GSEB Class 9 Maths Solutions Chapter 10 Circles Exercise 10.3

Get the most accurate GSEB Solutions for Class 9 Mathematics Chapter 10 Circles here. Updated for the 2026-27 academic session, these solutions are based on the latest GSEB textbooks for Class 9 Mathematics. Our expert-created answers for Class 9 Mathematics are available for free download in PDF format.

Detailed Chapter 10 Circles GSEB Solutions for Class 9 Mathematics

For Class 9 students, solving GSEB textbook questions is the most effective way to build a strong conceptual foundation. Our Class 9 Mathematics solutions follow a detailed, step-by-step approach to ensure you understand the logic behind every answer. Practicing these Chapter 10 Circles solutions will improve your exam performance.

Class 9 Mathematics Chapter 10 Circles GSEB Solutions PDF

Gujarat Board Textbook Solutions Class 9 Maths Chapter 10 Circles Ex 10.3

 

Question 1. Draw different pairs of circles. How many points does each pair have in common? What is the maximum number of common points?
Answer: We can draw pairs of circles in these ways:
(i) With no points in common (they don't touch).
U No point common
(ii) With one point in common (they touch at a single spot).
U One point common
(iii) With two points in common (they cross each other at two places).
U A B Two points common
The highest number of shared points a pair of circles can have is two.
In simple words: When drawing two circles, they can either not touch, touch at one point, or cross at two points. The most points they can share is two.

Exam Tip: Remember that two circles can intersect at most at two points; more than two common points would mean they are the same circle.

 

Question 2. Suppose you are given a circle. Give the construction to find its centre.
Answer: To find the centre of a given circle, follow these steps:
(i) Choose any three points, \(P\), \(Q\), and \(R\), on the circle's edge.
(ii) Connect point \(P\) to \(Q\), and point \(Q\) to \(R\) with lines.
(iii) Create perpendicular bisectors for both line segment \(PQ\) and line segment \(QR\). These bisectors will meet at a point, let's call it \(O\). This point \(O\) is the circle's exact centre.
O P Q R
In simple words: To find a circle's middle point, pick three spots on its edge, then draw lines connecting them to make two chords. The point where the middle-cutting lines (perpendicular bisectors) of these chords cross is the circle's center.

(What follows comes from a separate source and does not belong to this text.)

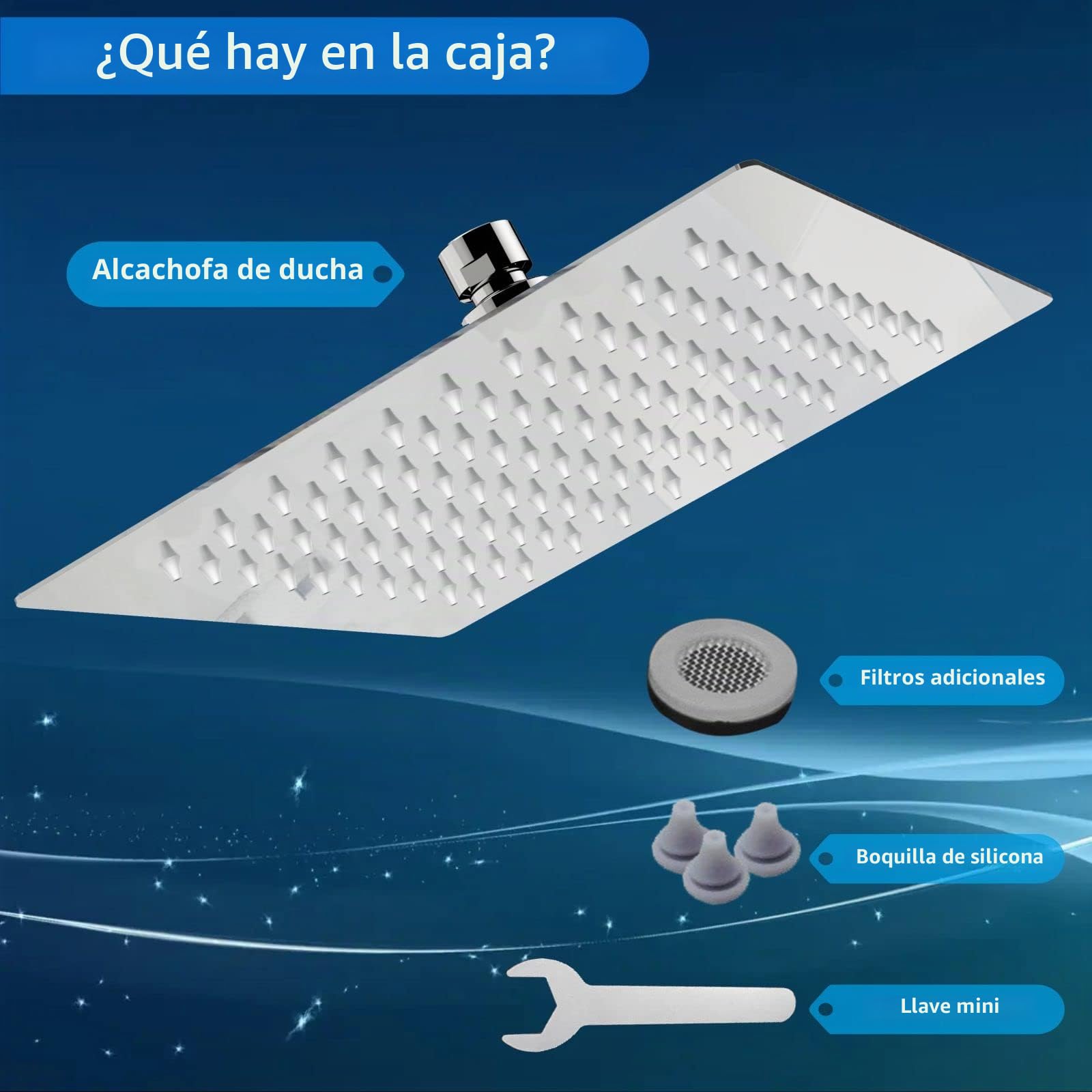 Cabezal de Ducha Lluvia de 20cm, Voolan Cabezal de Ducha Cuadrado de Alta Presión de Acero Inoxidable 304 Ducha Cómoda a Baja Presión de Agua Instalación en Pared o Techo (Cromo)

Exam Tip: The perpendicular bisector of any chord of a circle always passes through the center of the circle. This property is crucial for locating the center.

 

Question 3. If two circles intersect at two points, prove that their centres lie on the perpendicular bisector of the common chord.
Answer:Given: Two circles with centres \(O\) and \(P\) intersecting at \(A\) and \(B\).
Prove: \(OP\) is the perpendicular bisector of \(AB\).
Construction: Join \(OA\), \(OB\), \(PA\) and \(PB\). Let \(OP\) intersect \(AB\) at \(M\).
O P A B M
Proof: Let's consider the triangles \( \triangle OAP \) and \( \triangle OBP \):
\( OA = OB \) (These are the radii of the same circle with center \(O\)).
\( PA = PB \) (These are the radii of the same circle with center \(P\)).
\( OP = OP \) (This side is shared by both triangles).

\( \implies \) Therefore, \( \triangle OAP \cong \triangle OBP \) (By the SSS (Side-Side-Side) congruence rule).

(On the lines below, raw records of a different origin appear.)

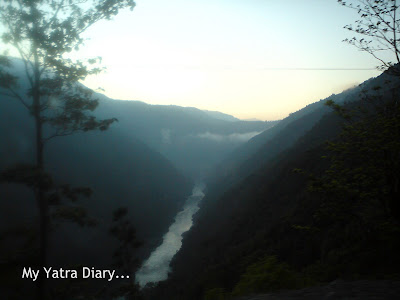 River Ganga in the Garhwal Himalayas in Uttarakhand on the Char Dham Yatra Roadway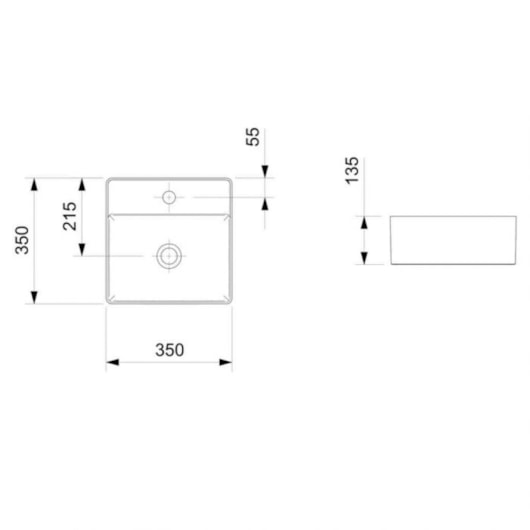 Cuba de Apoio Quadrada Com Mesa Platinum P4 35x35cm Matte Black Incepa - Imagem principal - e4f81316-f749-4f18-93b3-a12a10ef075e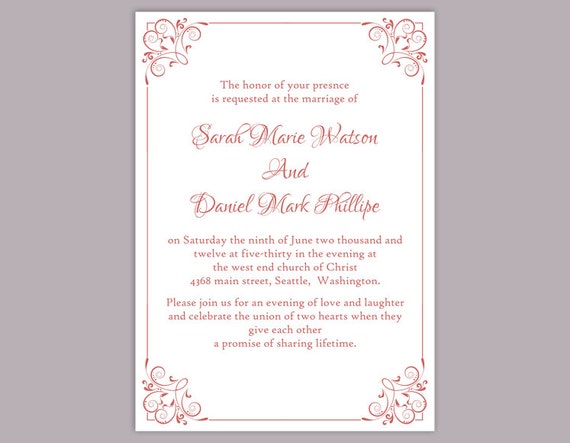 DIY Wedding Invitation Template Editable Word File Instant Download Printable Invitation Red Wedding Invitation Elegant Floral Invitation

\( \implies \) This means \( \angle AOP = \angle BOP \) (By CPCT - Corresponding Parts of Congruent Triangles).

\( \implies \) So, we can say \( \angle AOM = \angle BOM \) (Let's call this relationship (1)).
Now, let's look at \( \triangle AOM \) and \( \triangle BOM \):
\( OA = OB \) (Again, these are radii of the circle with center \(O\)).
\( \angle AOM = \angle BOM \) (We established this from relationship (1)).
\( OM = OM \) (This side is common to both triangles).

\( \implies \) Therefore, \( \triangle AOM \cong \triangle BOM \) (By the SAS (Side-Angle-Side) congruence rule).

\( \implies \) This means \( AM = BM \) (By CPCT - Corresponding Parts of Congruent Triangles, let's call this (2)).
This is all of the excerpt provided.